Concurrent with presentation of the aforementioned stimuli, a cue stimulus was presented at the center of the display. Participants were instructed that when they saw the “shape” cue (the letter “S” superimposed on a gray-colored hexagon shape), they should press the response button corresponding to the response stimulus that matched the target stimulus in shape. Similarly, when they saw the “color” cue (the letter “C” superimposed on a rainbow-colored diamond shape), they were to press the response button corresponding to the response stimulus that matched the target stimulus in color. RT and error rate were recorded. Following the participant’s response and a short intertrial interval (50 ms), a new trial was presented.
Prior to beginning the task, participants were shown an illustration of both color and shape trials. Participants first completed a practice block of 24 trials of randomly intermixed color and shape trials. Next, 6 blocks of trials, each comprising 48 experimental trials, were administered. One experimental block included only color trials (the “pure color” block), and another block included only shape trials (the “pure shape” block). The remaining four blocks (“mixed” blocks) included an equal number of color and shape trials (24 of each) that were randomly intermixed.
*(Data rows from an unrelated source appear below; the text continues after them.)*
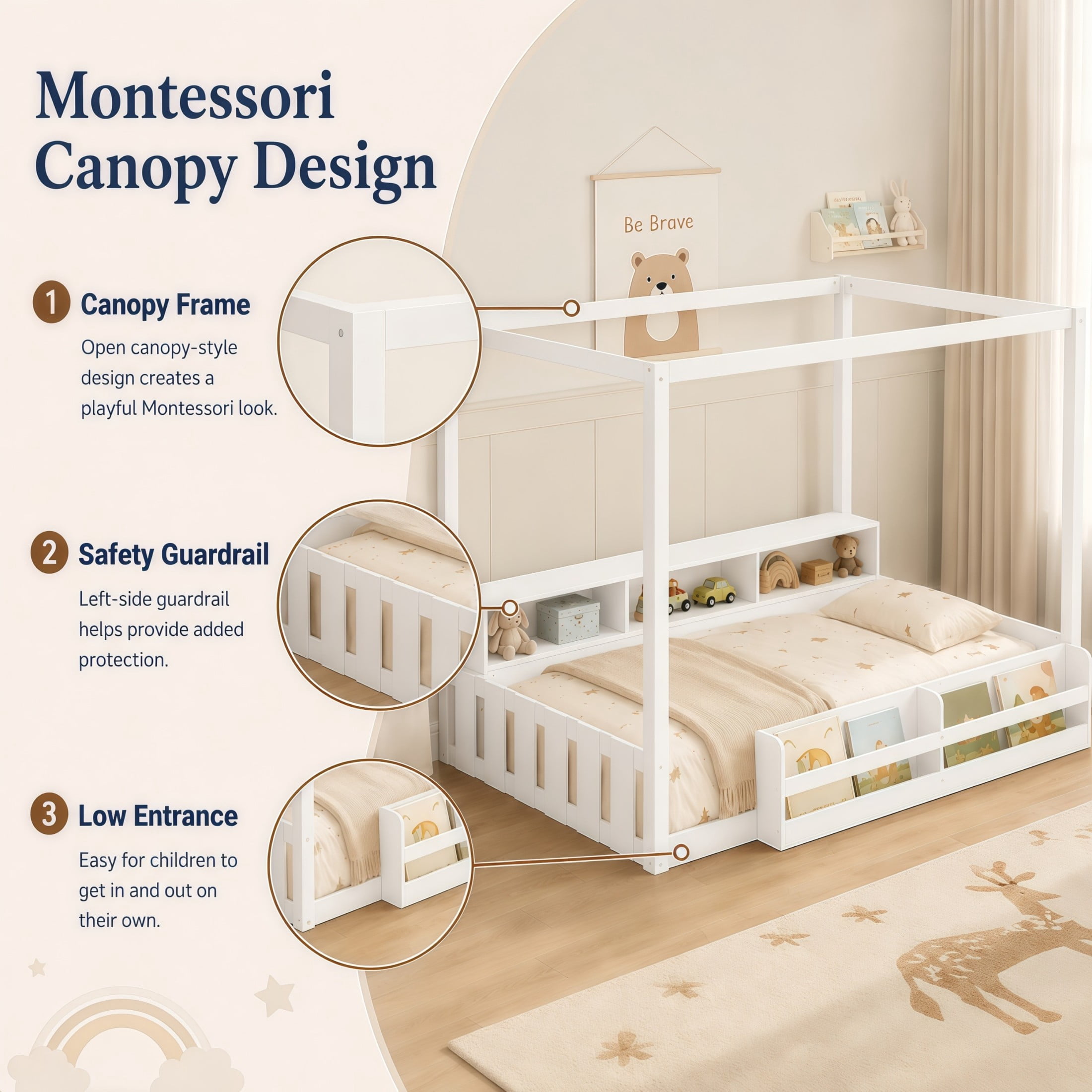 GDF Studio Misol Full Size Montessori Canopy Floor Bed with Storage & Guardrails, Pine Wood Kids Bed Frame, White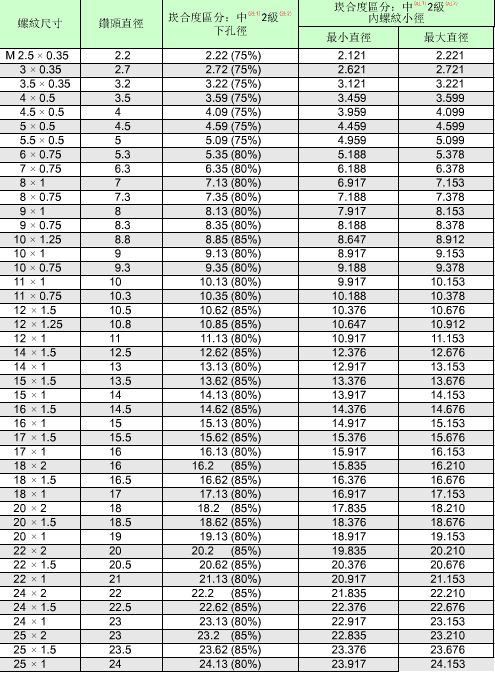 公制螺紋的標(biāo)準(zhǔn)對(duì)照表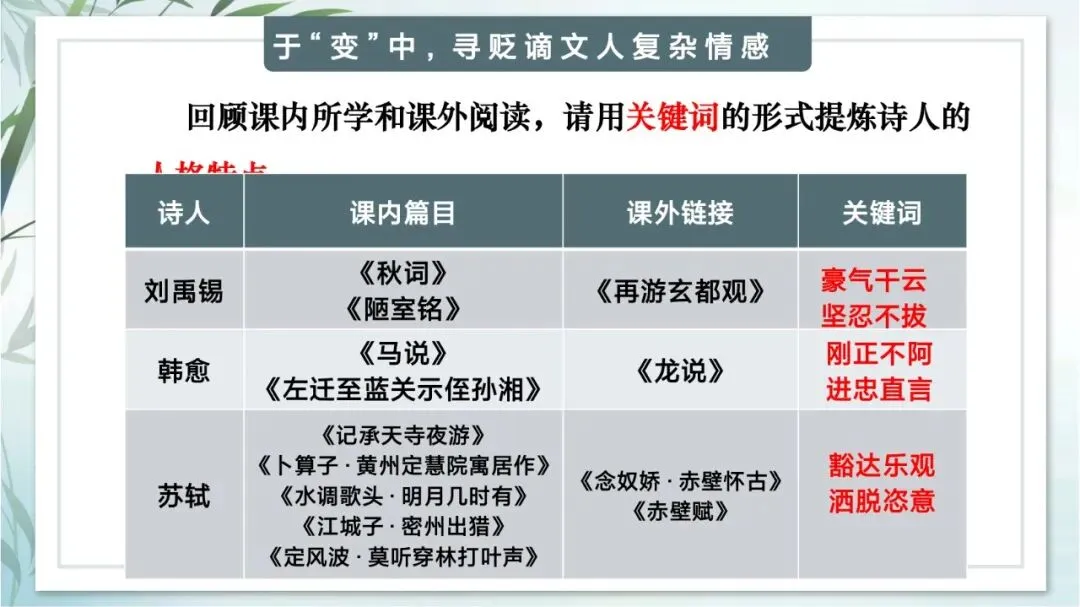 中考专题“贬谪类诗词”我这样带学生复习思路超清晰 第20张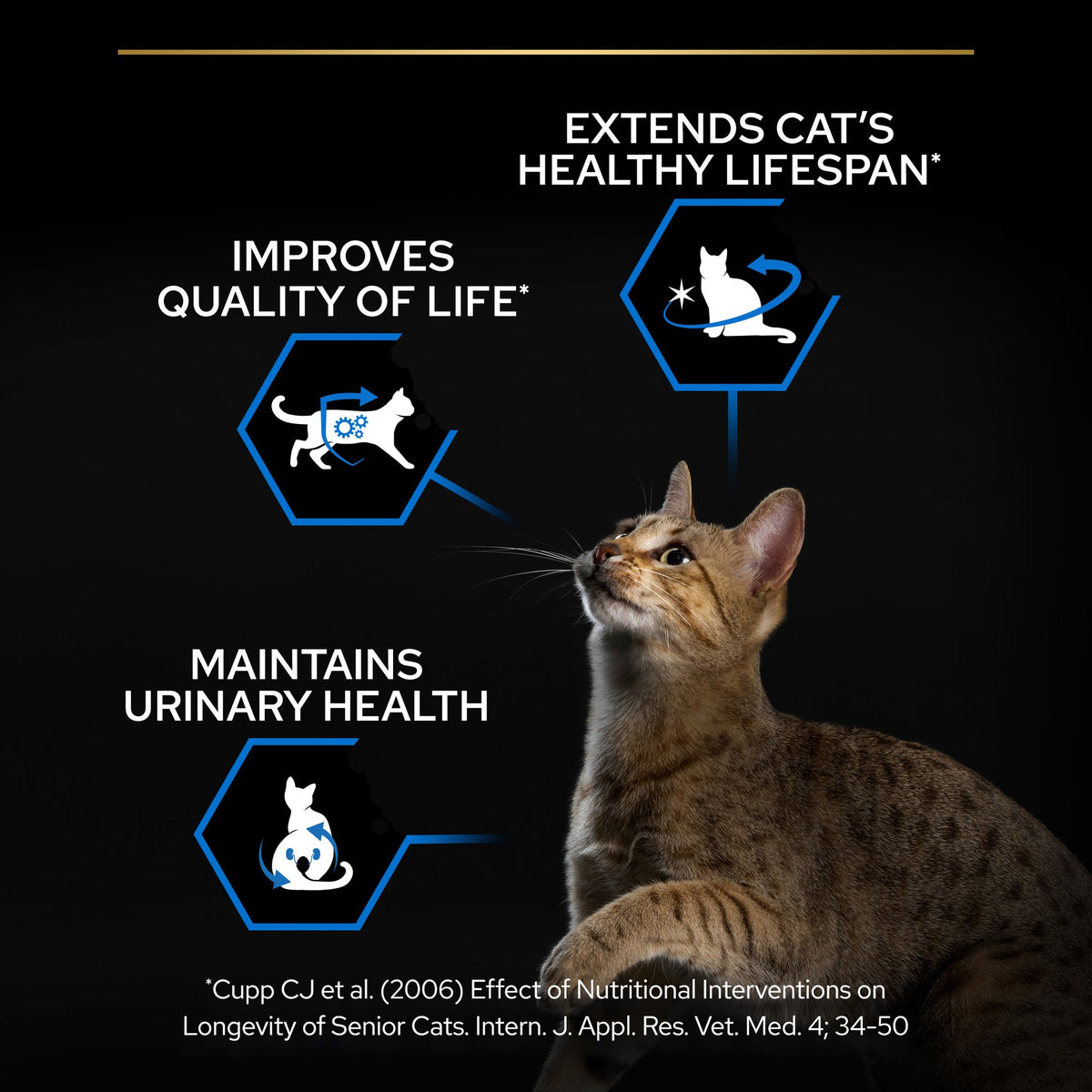Purina Pro Plan Sterilised Senior 7+ Longevis Dry Cat Food with Turkey, 1.5 kg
Prior to each block, the task instructions were reviewed, and participants were informed that the upcoming block would include color trials, shape trials, or a mix of both. The presentation order of the 6 experimental blocks varied randomly from participant to participant.
2.3.4. Social Communication Abilities
The Social Responsiveness Scale (SRS; [63]) is a standardized, parent report, 65-item rating scale that measures social impairments associated with ASD across five domains: social awareness, social cognition, social communication, social motivation, and autistic mannerisms. A four-point Likert scale was used to rate items and scores were summed to form five subscales. A higher score reflected greater social impairment in that domain. -scores derived from large-scale norming were provided in the scoring manual; however in order to better represent variations among very high scores, raw scores served as the unit of analysis in this study (consistent with other intervention research).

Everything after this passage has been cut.